| What to do |
When the line containing "Off The Shoulder" is found in the data below, give it again along with every later line, exactly; drop the pictures.

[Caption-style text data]
□ □ □

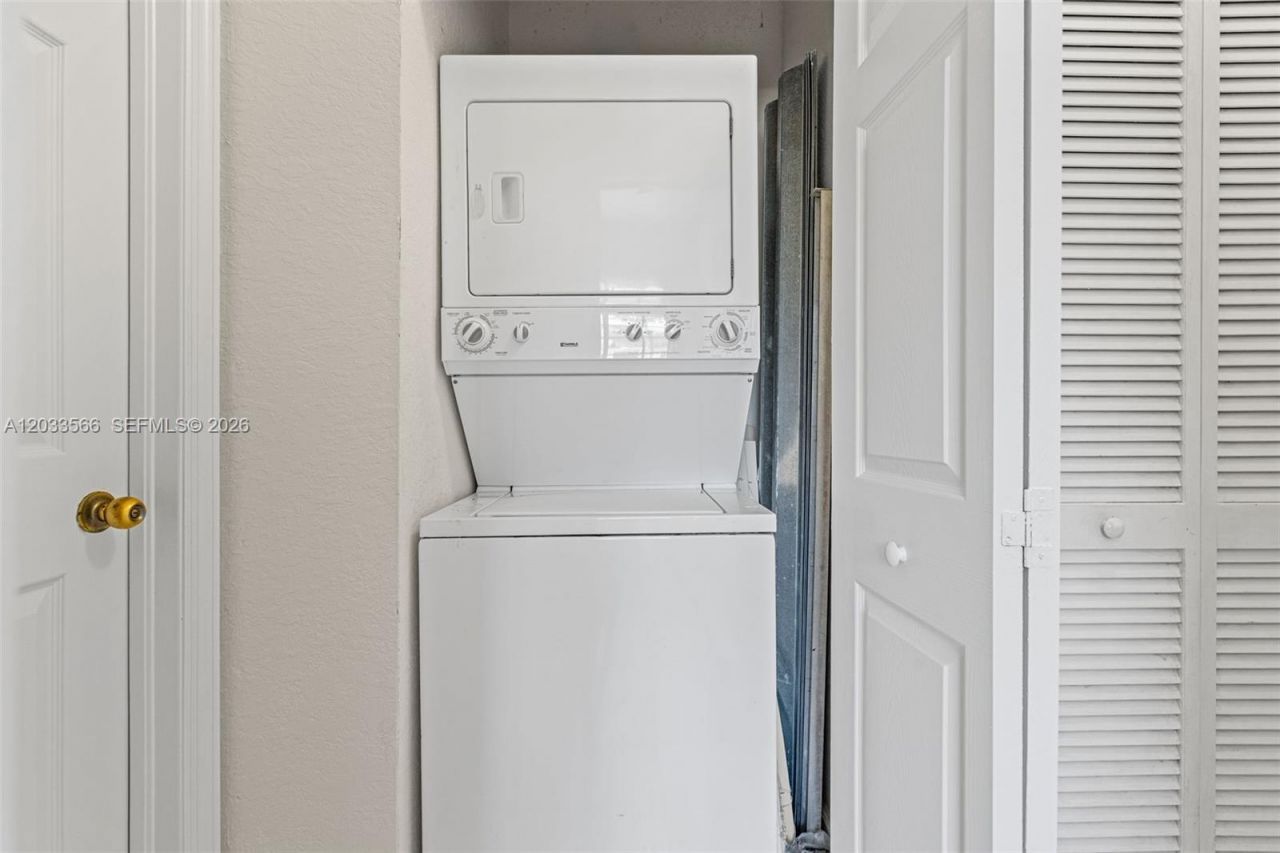 2741 NE 4th St , Unit 202, Homestead, FL 33033 Photo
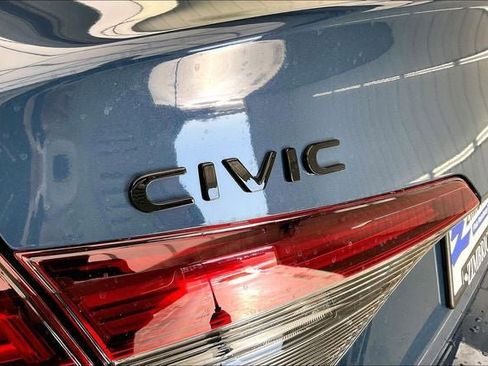 New 2026 Honda Civic Sport image 17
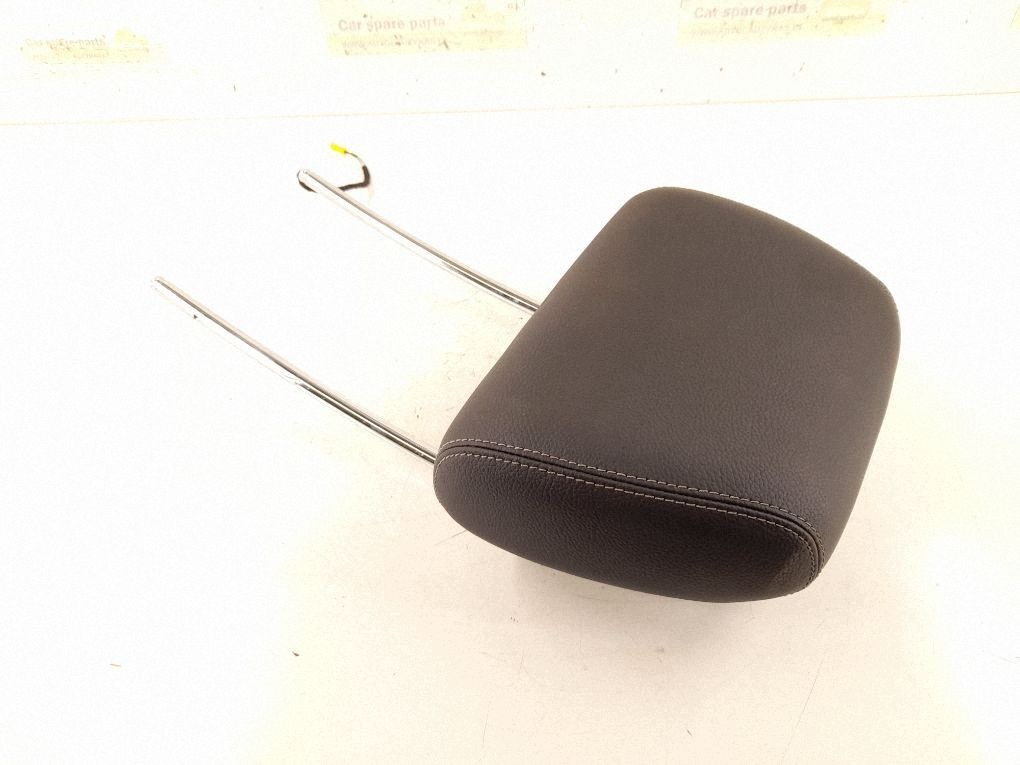 Nackstöd fram höger Mercedes E W212 A2129701780 image 3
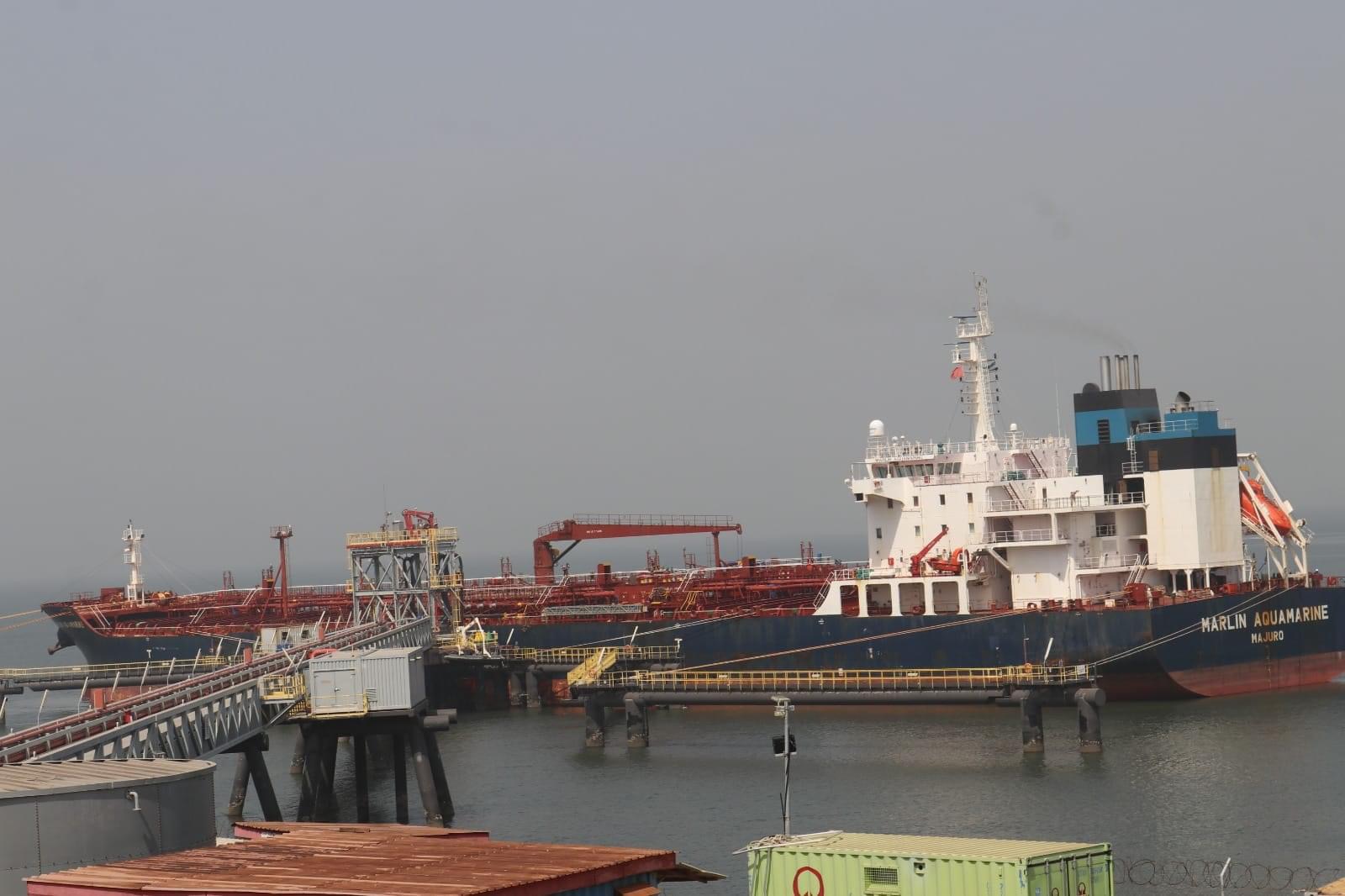 FE264F2E-952C-4F8D-ADC4-83BABC6DF818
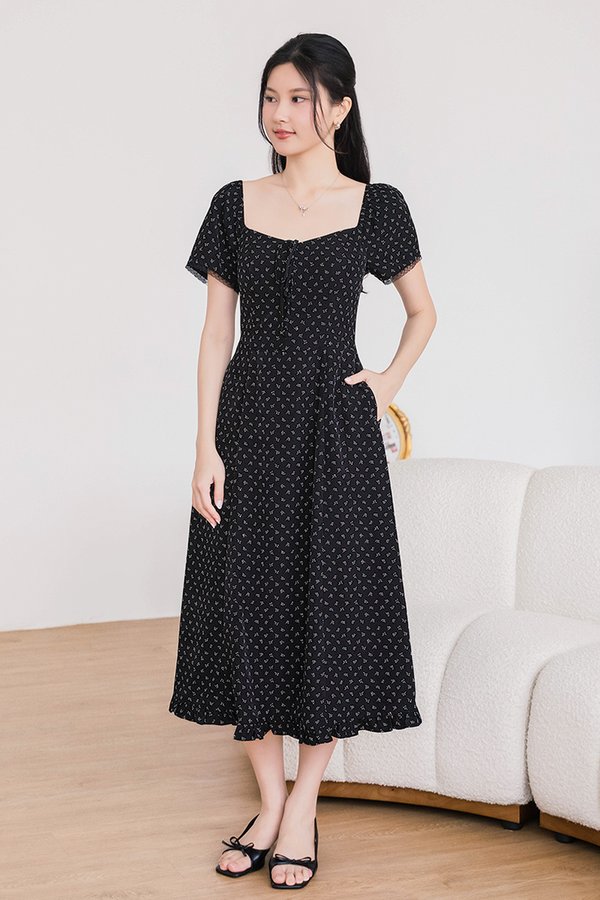 Miranda Padded Lace Sleeve Dress (Black Floral)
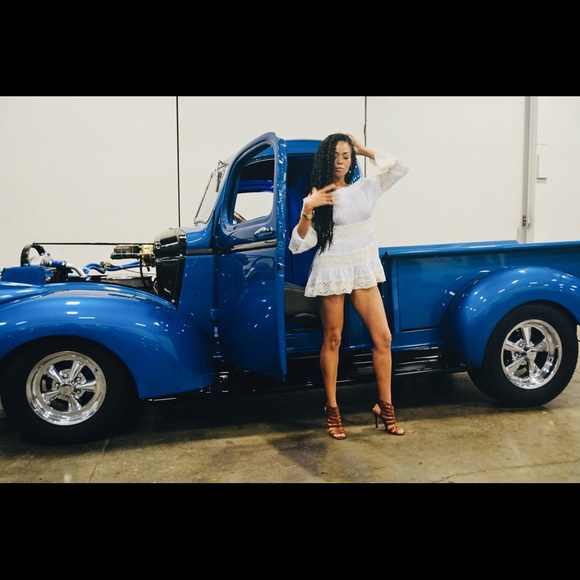 Off The Shoulder Peasant Dress - Picture 3 of 3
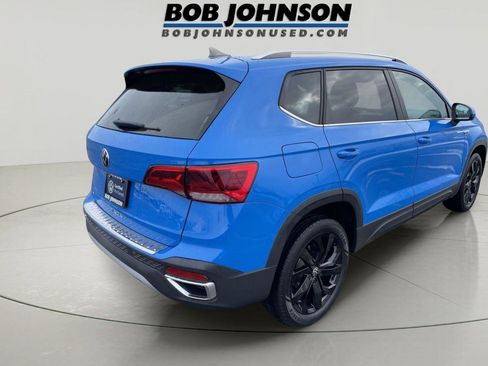 Used 2023 Volkswagen Taos SE w/ Black Wheel Package image 7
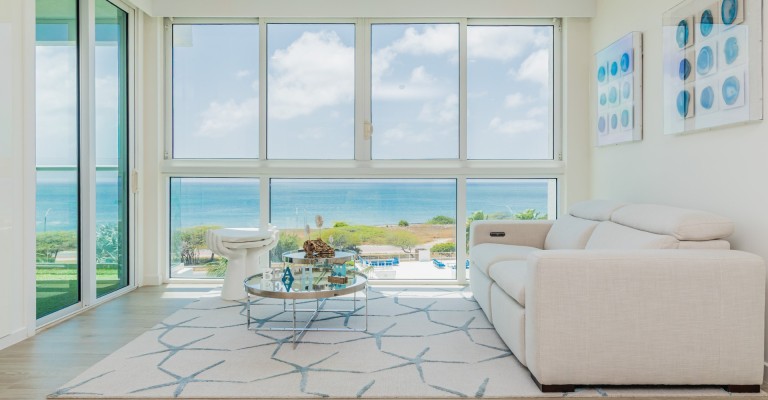 Blue Residence 431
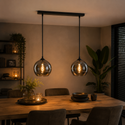 Hanglamp boven eettafel 2 smoke bollen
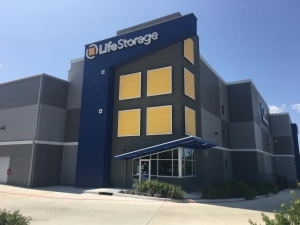 Life Storage - San Antonio - 10126 Potranco Road Picture 2 of Life Storage - San Antonio - 10126 Potranco Road - FindStorageFast.com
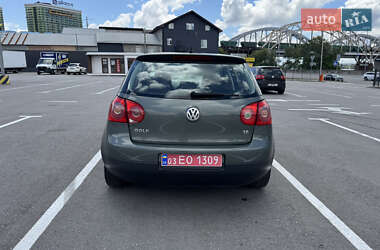 Хэтчбек Volkswagen Golf 2004 в 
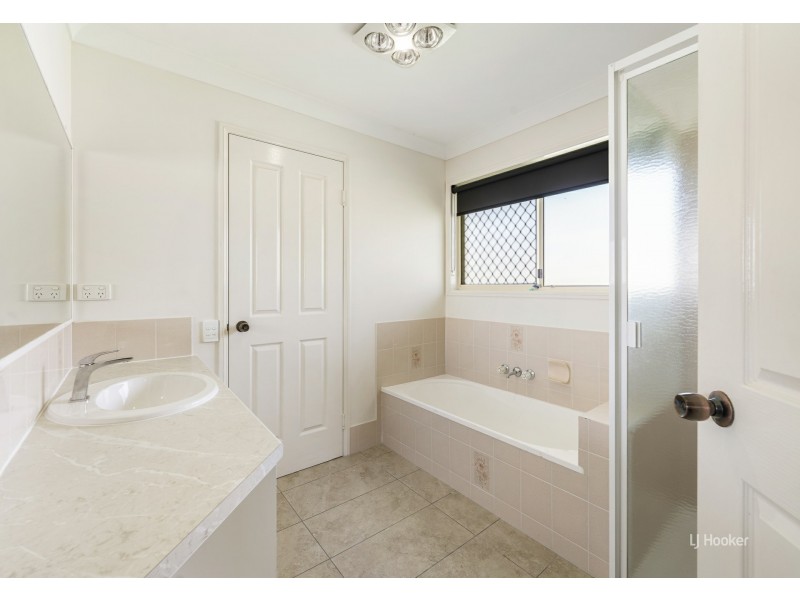 65 Carralluma Crescent, Fernvale QLD 4306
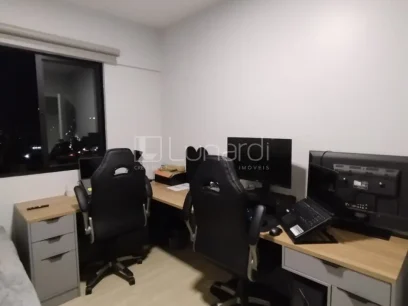 Foto Apartamento com 2 Dormitórios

□ □ □

| Output |
 Off The Shoulder Peasant Dress - Picture 3 of 3
 Used 2023 Volkswagen Taos SE w/ Black Wheel Package image 7
 Blue Residence 431
 Hanglamp boven eettafel 2 smoke bollen
 Life Storage - San Antonio - 10126 Potranco Road Picture 2 of Life Storage - San Antonio - 10126 Potranco Road - FindStorageFast.com
 Хэтчбек Volkswagen Golf 2004 в 
 65 Carralluma Crescent, Fernvale QLD 4306
 Foto Apartamento com 2 Dormitórios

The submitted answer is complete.